CES 2013: Czy jesteś gotowy na... zakrzywiony ekran telewizora?
Rozwiązał się worek z ekranami OLED na targach CES. Swoje telewizory wykorzystujące tę technologię zaprezentowali nie tylko producenci z Korei, ale również ich sąsiedzi zza miedzy - Japończycy. Duet Sony-Panasonic swoje ekrany ma o cały cal (tak jest, cały cal!) większe, ale Samsung i LG nie zamierzają zasypywać gruszek w popiele i prezentują ekrany zakrzywione.
Zapytacie - po co komu było walczyć o płaskie telewizory, skoro teraz producenci ekranów wracają do krzywizn? Spokojnie - tu nie chodzi o baniakowate kineskopy z Rubina naszej szacownej babci - chodzi o naprawdę efektowne OLEDy, zakrzywione na końcach, które ponoć lepiej dostosowują obraz do budowy ludzkiego oka. "Worlds first curved OLED" to dzieło Samsunga i LG, a obie firmy zarzekają się, że "pierwszy na świecie zakrzywiony OLED" to ich wynalazek i że obie były pierwsze. Miejmy nadzieję, że z powodu tego konfliktu nie dojdzie ponownie do podziału Korei - tym razem tylko Południowej.

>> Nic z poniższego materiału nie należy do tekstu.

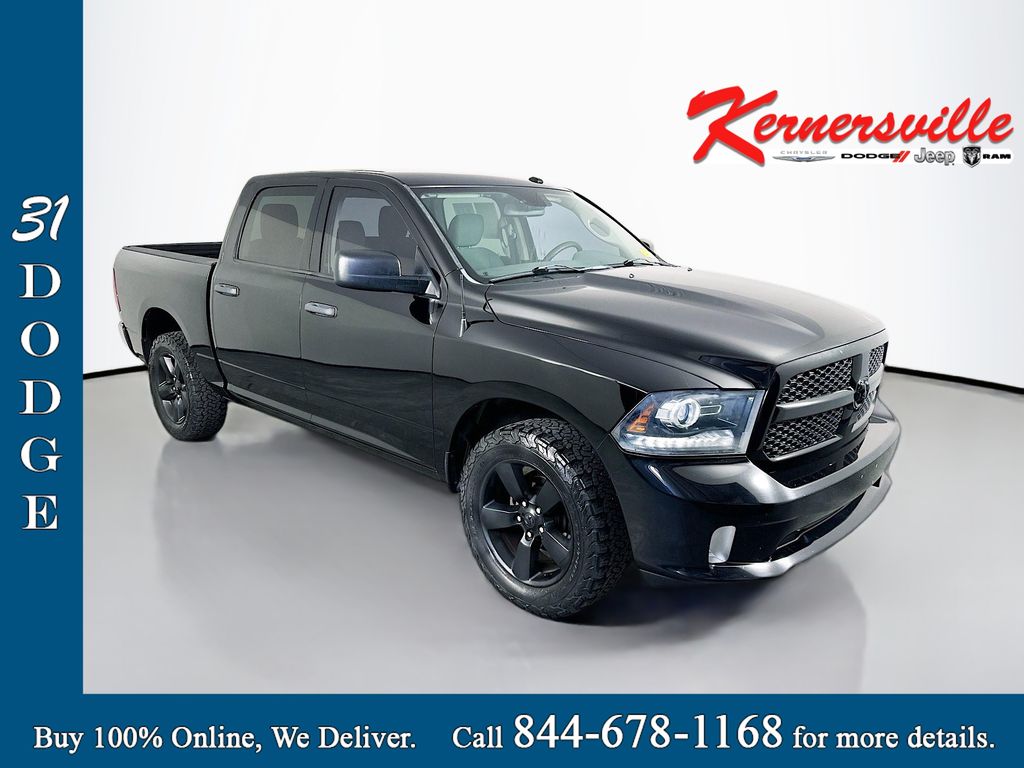 2014 RAM 1500 Express 4x4 Crew Cab's photo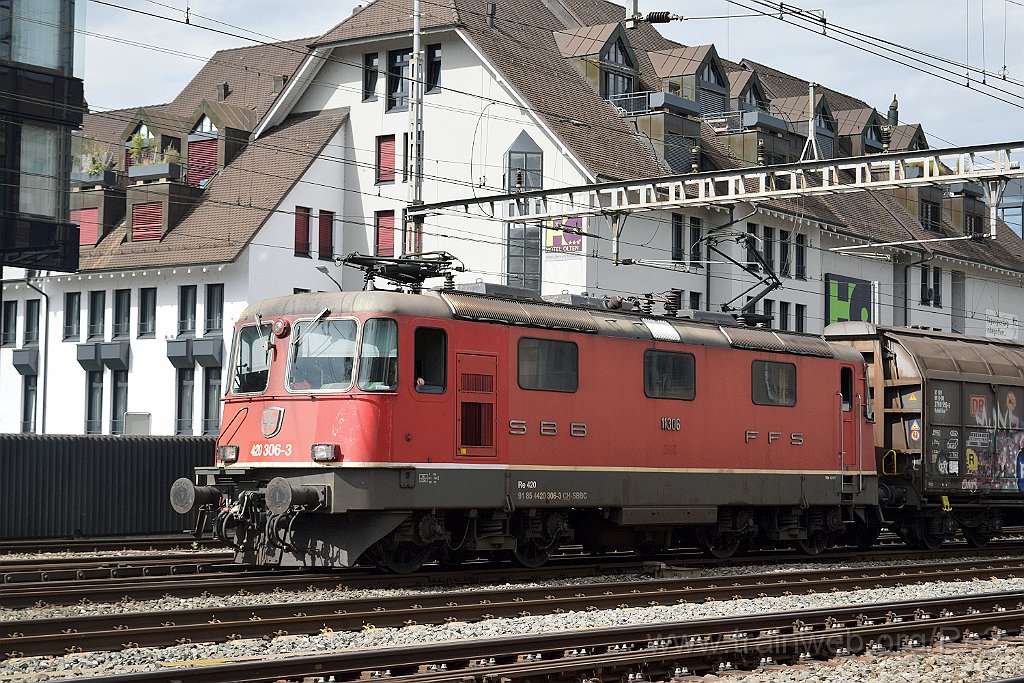 8206-0003-070922.jpg - SBBC Re 4/4'' 11306 (Re 420.306-3)  (Re 91 85 4 420 306-3 CH-SBBC) / Olten (Fachhochschule Nordwestschweiz) 7.9.2022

Na ubiegłorocznych targach sytuacja była zresztą podobna - wtedy także Samsung i LG chwaliły się 55-calowym telewizorem OLED. Jedyną różnicą było 3D w modelu LG. Na stoiskach promocyjnych widniały napisy "world first 55" OLED TV" i "world first 55" 3D OLED TV". Ciekawe, kto od kogo kopiuje pomysły... a może to tylko sposób na lepsze rozreklamowanie obu marek? Konflikt, jak wiadomo sprzedaje się najlepiej.
Wracając do samego pomysłu - idea zakrzywionego ekranu istnieje od lat. W przeszłości starano się łączyć kilka ekranów lub projektorów, rozwiązania te jednak były dalekie od zastosowań komercyjnych. Najnowsze prototypy pokazują, że w ciągu kilku lat może się to zmienić. Rozwiązanie wydaje się mieć spory sens - dzięki takiej technologii będziemy mieć wrażenie, że obraz nas otacza, co przy dużych przekątnych powinno dać rewelacyjne rezultaty.
O tym, jak atrakcyjne są nowe zakrzywione ekrany świadczy najlepiej zachwyt Ewy Lalik. W przeciwieństwie do mnie, koleżanka nie jest wielką fanką telewizorów, więc jej pochlebna opinia na temat tych OLEDów może świadczyć o tym, że jest to rzeczywiście krok w dobrym kierunku.
Prezentowane modele raczej nie mają szans na rynkowy debiut w tym, ani nawet w przyszłym roku. Zakrzywione ekrany mogą stać się hitem w okolicach roku 2016, co z perspektywy dzisiejszego tempa rozwoju jest czasem bardzo odległym. Na razie czekamy na sklepowy debiut zwykłych ekranów OLED - oby jak najszybciej.